We are honoured to share Majella’s story, one filled with honesty, strength, and an unwavering determination to change her life. Her journey reflects the reality so many people face, years of struggling, feeling unheard, and wondering if things will ever truly change. Majella’s courage in sharing her experience will offer hope, reassurance, and motivation to anyone who is thinking about taking that first step.
Losing 7 stone is an extraordinary achievement, but even more powerful is the mindset shift Majella describes choosing health, choosing family, and choosing herself. This is not just a weight loss story; it’s a story about reclaiming life and believing in a better future.
A huge congratulations to Majella on everything she has accomplished so far, and thank you for allowing us to be part of your journey. We know her words will inspire so many others who are just beginning theirs.

Here’s Majella’s story, as she shares her Surgery Now journey.
“ I have been overweight for as long as I can remember. When I was just 10 years old, I already weighed 10 stone, and for years after that my weight seemed to grow alongside me, 11 years old meant 11 stone, 15 years old meant 15 stone.
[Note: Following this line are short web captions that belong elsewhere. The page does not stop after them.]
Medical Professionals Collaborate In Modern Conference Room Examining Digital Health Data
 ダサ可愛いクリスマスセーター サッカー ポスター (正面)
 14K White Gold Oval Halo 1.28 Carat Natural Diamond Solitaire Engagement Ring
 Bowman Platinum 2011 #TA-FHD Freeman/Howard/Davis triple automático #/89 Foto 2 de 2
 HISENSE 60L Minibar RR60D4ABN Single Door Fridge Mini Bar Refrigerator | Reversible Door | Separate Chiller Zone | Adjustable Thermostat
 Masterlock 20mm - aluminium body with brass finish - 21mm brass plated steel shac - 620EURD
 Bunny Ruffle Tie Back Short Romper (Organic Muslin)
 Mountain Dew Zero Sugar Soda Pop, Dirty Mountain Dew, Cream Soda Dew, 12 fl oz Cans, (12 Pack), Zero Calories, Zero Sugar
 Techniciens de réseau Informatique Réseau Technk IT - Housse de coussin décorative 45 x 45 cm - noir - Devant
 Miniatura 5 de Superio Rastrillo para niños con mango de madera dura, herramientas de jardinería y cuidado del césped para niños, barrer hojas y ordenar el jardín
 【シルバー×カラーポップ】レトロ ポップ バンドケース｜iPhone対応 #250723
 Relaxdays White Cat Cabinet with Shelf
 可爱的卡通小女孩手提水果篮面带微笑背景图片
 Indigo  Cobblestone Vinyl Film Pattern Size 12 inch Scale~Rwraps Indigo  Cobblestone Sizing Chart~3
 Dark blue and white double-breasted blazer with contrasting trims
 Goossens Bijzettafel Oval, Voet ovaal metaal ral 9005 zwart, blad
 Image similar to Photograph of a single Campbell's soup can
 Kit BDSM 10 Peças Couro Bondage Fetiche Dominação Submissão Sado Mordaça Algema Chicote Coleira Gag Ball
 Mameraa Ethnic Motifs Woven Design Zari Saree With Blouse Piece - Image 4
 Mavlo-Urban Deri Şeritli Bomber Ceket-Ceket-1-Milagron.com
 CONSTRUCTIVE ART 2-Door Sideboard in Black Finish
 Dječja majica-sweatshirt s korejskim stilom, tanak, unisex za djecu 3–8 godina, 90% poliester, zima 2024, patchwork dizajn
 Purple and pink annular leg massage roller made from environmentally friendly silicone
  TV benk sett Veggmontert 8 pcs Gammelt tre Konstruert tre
It felt like my weight was growing up with me, always there, always one step ahead, shaping my life before I even understood what that meant.
At my heaviest, I was just over 30 stone when I was pregnant with my last child four years ago. After my pregnancy, I returned to my pre-pregnancy weight of around 25 stone, where I stayed for years, hovering between 25 and 26 stone, feeling stuck and defeated.
I tried Ozempic, hoping it would finally be the answer. I didn’t lose any weight on it, but it did stop me from gaining more. Then, suddenly, within the space of just one month, my weight jumped to 26 stone 13 pounds. That was my breaking point. I knew I couldn’t let my weight climb any higher, I was running out of time and options.
My body was constantly in pain. My joints ached, my hips were unbearable, and my back felt broken. Every day was a struggle. I couldn’t keep up with my three-year-old or do the simple things I wanted to do with him. I watched from the sidelines while life carried on. Most of the household responsibilities fell to my husband because by the time I came home from work, I was completely drained. I work as a chef, an already demanding job but carrying my weight made it even harder. I wasn’t just tired, I was exhausted in every sense of the word.
Choosing Surgery Now and travelling to Valencia wasn’t an easy decision, but it felt like the right one. A close friend had been through the process, and seeing her incredible transformation gave me hope when I had almost none left. Her kindness, honesty, and support gave me the courage to take that next step. When I finally contacted Surgery Now, I felt reassured from the very first phone call. They guided me through everything and put me in touch with Clínica Obesitas in Valencia, and for the first time in a long time, I felt heard.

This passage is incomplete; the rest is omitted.